# Should you buy a Martin?



## BlueRocker (Jan 5, 2020)

JP Cormier has the answer right here.


----------



## 2manyGuitars (Jul 6, 2009)

I’ll have to watch the video later, but I imagine going into an acoustic forum and posting a “Why I hate Martin guitars” video is like going into a cooking forum and posting a “Why I hate butter” video.


----------



## BlueRocker (Jan 5, 2020)

2manyGuitars said:


> Ill have to watch the video later, but I imagine going into an acoustic forum and posting a “Why I hate Martin guitars” video is like going into a cooking forum and posting a “Why I hate butter video”.


It's a clickbait title, but his reaction to the cost of a good Martin is worth watching. I linked the video to that section.


----------



## King Loudness (May 3, 2010)

I like JP, but stupid clickbait titles like that make damn sure I won't watch the video. Buy what you like and can afford, there are lots of great guitars out there from $200 to $2 million 

W.


----------



## Budda (May 29, 2007)

I bought a Martin, all good on my end.


----------



## jdto (Sep 30, 2015)

Great player, but holy blah blah blah

I have a Martin and quite enjoy it


----------



## guitarman2 (Aug 25, 2006)

The guy makes no sense. He talks about how expensive a D-45 is and what 14k could buy in a Collins. Well if Collins built an actual D-45 comparable guitar it would likely be more than the Martin D-45. And Collins voice isn't a Martin.
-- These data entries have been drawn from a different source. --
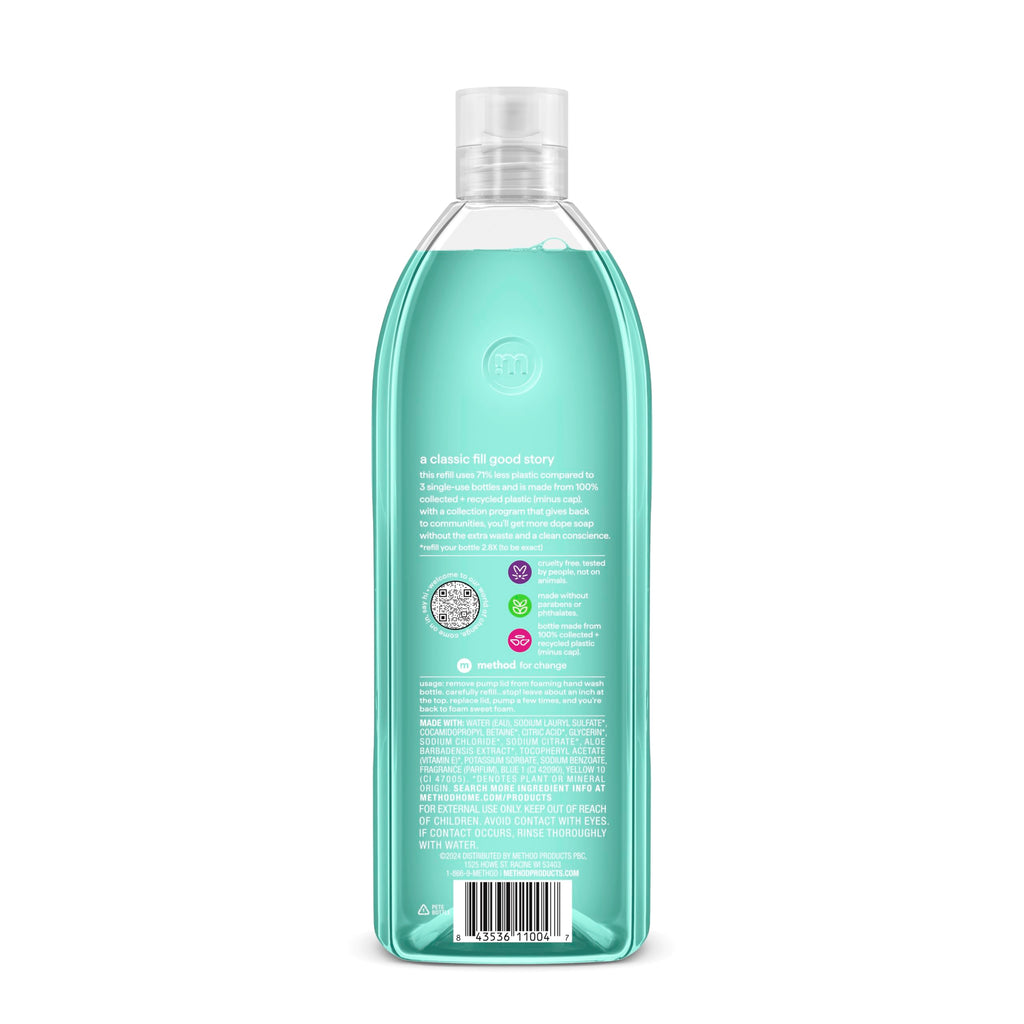 method Foaming Hand Wash Refill, Waterfall, 28 fl oz | Refills Up to 3X, Hydrates & Softens Skin, Designed for Gentle Everyday Cleansing, With Notes of Water Lily & Sandalwood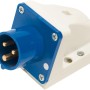 CEE Wandstecker, 3-polig, 16A, IP44, rot/blau, für Elektro-Verbindungen im Innen- und Außenbereich.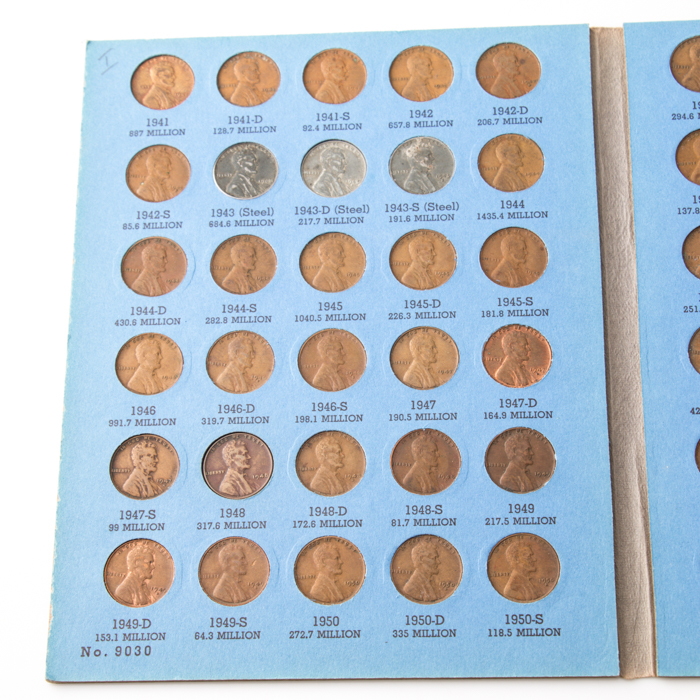 Group of Whitman Indian Head and Lincoln coin folders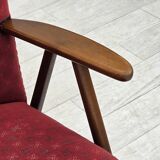 1960s, Danish 2-seater sofa, red furniture fabric, beech wood.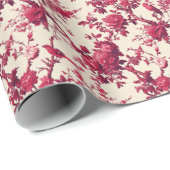 Ruhiger roter Blumen-Vogel-Druck Geschenkpapier (Rolleneckpunkt)
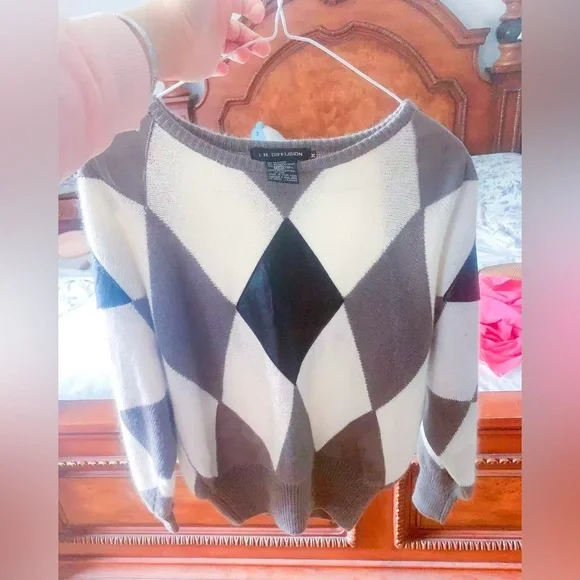 Vintage I.B. Diffusion Argyle Sweater Women’s M Angora Blend Made in Hong Kong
I grew up with Martins and I wouldn't give up my D-28 authentic or D-18 authentic for a Collins.


----------



## Wardo (Feb 5, 2010)

Lottsa good guitars out there but whatever way Martins are voiced seems to be what works for me.

When I got my HD28V I had no intention of buying anything. Just happened to be in Newmarket and my friend says lets go to this music store - The Arts - I'd never heard of it. I played a bunch of Martins there including a D41 but was really impressed with the HD28V they'd just got in. Didn't buy it but tried a few of them over the next 2 weeks and realized that the one in Newmarket was really good and with that came the conviction that I have to go back there and buy the fucker. Went to the store, made a few offers and got it for a good bit less than asking price. I could sell it now for what I paid for it.

Same with my D18 - now they go used for what I paid for mine in 2012.

Also picked up an HD35 Custom Shop brand new that had been sitting in the basement of store. They'd ordered a few and had one left that they'd kinda forgotten about. Made a few offers and got that guitar tax in for half what it would have cost to have the store order one same specs. The 35 is a strange one - not at all bass heavy like they are supposed to be and loud with lots of growl.

About 30 years ago I was coming home from a night in the bars and went into this pawn shop and played a Martin that just burned the place. I played songs that I didn't even know that I knew. Came back next day to buy it and there was a Pizza shop there. Owner of the pizza place said he'd been there for 20 years. I don't know what the hell that was about but yeah, there's good guitars out there just gotta find them.


----------



## nbs2005 (Mar 21, 2018)

@Wardo , life is good when you're living Guy and Vernon tunes. Keep looking for that guitar but it's probably got my name on the case.


----------



## Wardo (Feb 5, 2010)

nbs2005 said:


> @Wardo , life is good when you're living Guy and Vernon tunes. Keep looking for that guitar but it's probably got my name on the case.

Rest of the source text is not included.